DATA EXTRACT Start Marker
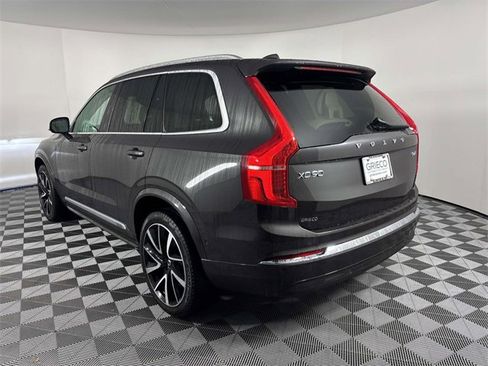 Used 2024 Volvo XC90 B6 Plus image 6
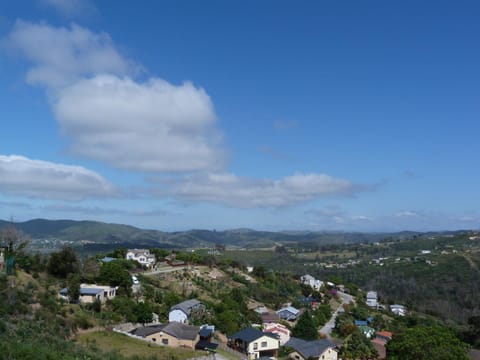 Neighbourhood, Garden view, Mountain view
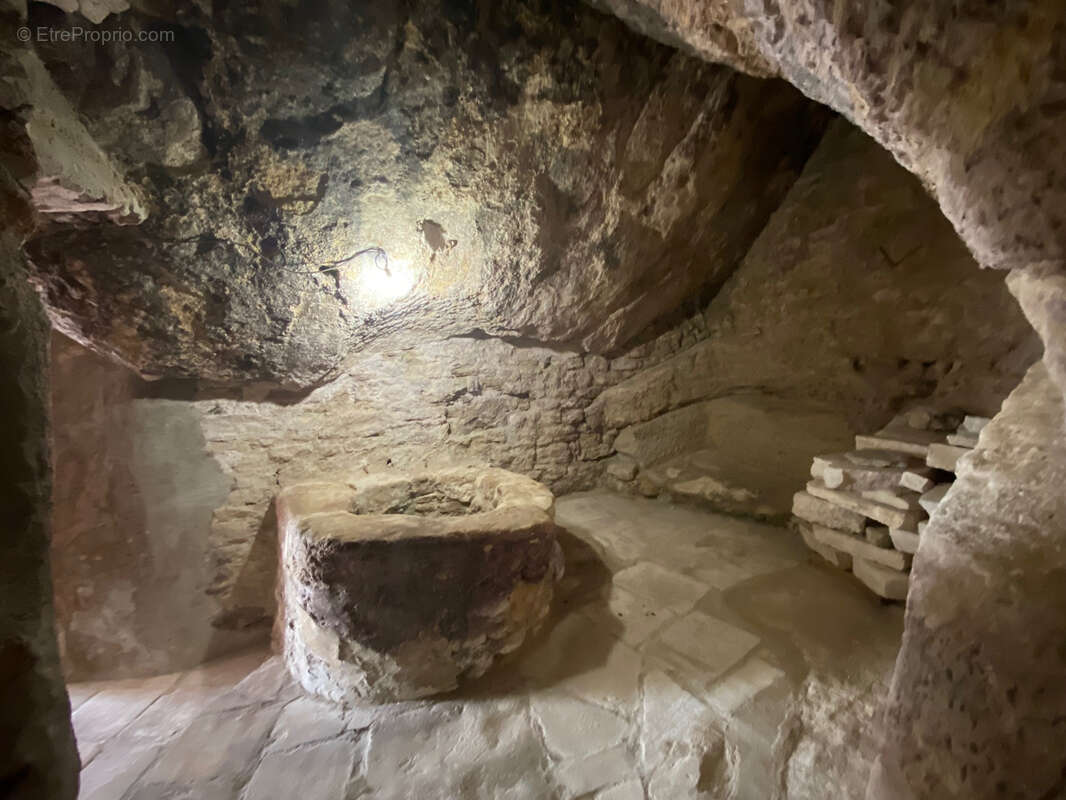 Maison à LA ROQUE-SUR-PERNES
DATA EXTRACT End Marker
* **PROBLEM DETAILS**: Set down all of the material word for word, minus its pictures.

* **YOUR RESPONSE**:
 Used 2024 Volvo XC90 B6 Plus image 6
 Neighbourhood, Garden view, Mountain view
 Maison à LA ROQUE-SUR-PERNES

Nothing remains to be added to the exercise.